Department of Vascular Interventional Surgery, the First Affiliated Hospital of Harbin Medical University, No.23 Youzheng Str, Nangang District, Harbin, 150001, Heilongjiang, China.
Department of Vascular Surgery, Tian Jin First Center Hospital, Tianjin, 300192, China.
Hereditas. 2021 Dec 2;158(1):35. doi: 10.1186/s41065-021-00200-1.
The diameter of the abdominal aortic aneurysm (AAA) is the most commonly used parameter for the prediction of occurrence of AAA rupture. However, the most vulnerable region of the aortic wall may be different from the most dilated region of AAA under pressure. The present study is the first to use weighted gene coexpression network analysis (WGCNA) to detect the coexpressed genes that result in regional weakening of the aortic wall.

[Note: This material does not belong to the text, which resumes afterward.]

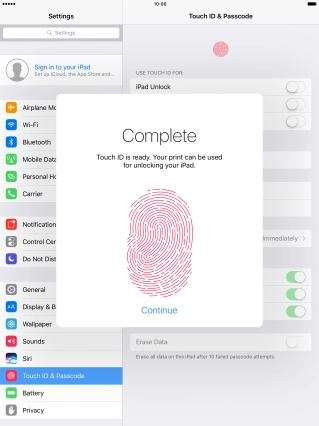 Press Continue. If you haven't previously selected a lock code, key in a code of your own choice twice.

The GSE165470 raw microarray dataset was used in the present study. Differentially expressed genes (DEGs) were filtered using the "limma" R package. DEGs were assessed by Gene Ontology biological process (GO-BP) and Kyoto Encyclopedia of Genes and Genomes (KEGG) analyses. WGCNA was used to construct the coexpression networks in the samples with regional weakening of the AAA wall and in the control group to detect the gene modules. The hub genes were defined in the significant functional modules, and a hub differentially expressed gene (hDEG) coexpression network was constructed with the highest confidence based on protein-protein interactions (PPIs). Molecular compound detection (MCODE) was used to identify crucial genes in the hDEG coexpression network. Crucial genes in the hDEG coexpression network were validated using the GSE7084 and GSE57691 microarray gene expression datasets.

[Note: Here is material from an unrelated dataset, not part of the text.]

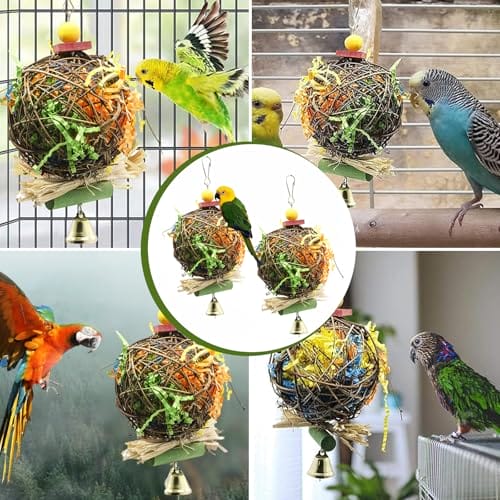 TFLPUO 2 Stück Vogelspielzeug, Budgies Toys Natural Rattan Ball Vogelkäfig Hängen Spielzeug Vogel Käfig Zubehör für Wellensittich Papageien (20 * 10cm) – Bild 6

A total of 350 DEGs were identified, including 62 upregulated and 288 downregulated DEGs. The pathways were involved in immune responses, vascular smooth muscle contraction and cell-matrix adhesion of DEGs in the samples with regional weakening in AAA. Antiquewhite3 was the most significant module and was used to identify downregulated hDEGs based on the result of the most significant modules negatively related to the trait of weakened aneurysm walls. Seven crucial genes were identified and validated: ACTG2, CALD1, LMOD1, MYH11, MYL9, MYLK, and TPM2. These crucial genes were associated with the mechanisms of AAA progression.
We identified crucial genes that may play a significant role in weakening of the AAA wall and may be potential targets for medical therapies and diagnostic biomarkers. Further studies are required to more comprehensively elucidate the functions of crucial genes in the pathogenesis of regional weakening in AAA.
腹主动脉瘤(AAA)的直径是预测 AAA 破裂发生的最常用参数。然而,主动脉壁最脆弱的区域可能与压力下 AAA 最扩张的区域不同。本研究首次使用加权基因共表达网络分析(WGCNA)来检测导致主动脉壁区域性减弱的共表达基因。
本研究使用 GSE165470 原始微阵列数据集。使用“limma”R 包筛选差异表达基因(DEGs)。通过基因本体论生物过程(GO-BP)和京都基因与基因组百科全书(KEGG)分析评估 DEGs。使用 WGCNA 构建 AAA 壁区域性减弱的样本和对照组的共表达网络,以检测基因模块。在显著功能模块中定义枢纽基因,并根据蛋白质-蛋白质相互作用(PPIs)构建具有最高置信度的枢纽差异表达基因(hDEG)共表达网络。使用分子化合物检测(MCODE)识别 hDEG 共表达网络中的关键基因。使用 GSE7084 和 GSE57691 微阵列基因表达数据集验证 hDEG 共表达网络中的关键基因。
共鉴定出 350 个 DEGs,包括 62 个上调和 288 个下调 DEGs。通路涉及免疫反应、血管平滑肌收缩和 DEGs 在 AAA 区域性减弱样本中的细胞-基质粘附。基于与减弱的动脉瘤壁特征负相关的结果,antiquewhite3 是最显著的模块,用于识别下调的 hDEGs。鉴定并验证了 7 个关键基因:ACTG2、CALD1、LMOD1、MYH11、MYL9、MYLK 和 TPM2。这些关键基因与 AAA 进展的机制有关。
我们鉴定出可能在 AAA 壁减弱中起重要作用的关键基因,这些基因可能是医学治疗和诊断生物标志物的潜在靶点。需要进一步研究更全面地阐明关键基因在 AAA 区域性减弱发病机制中的功能。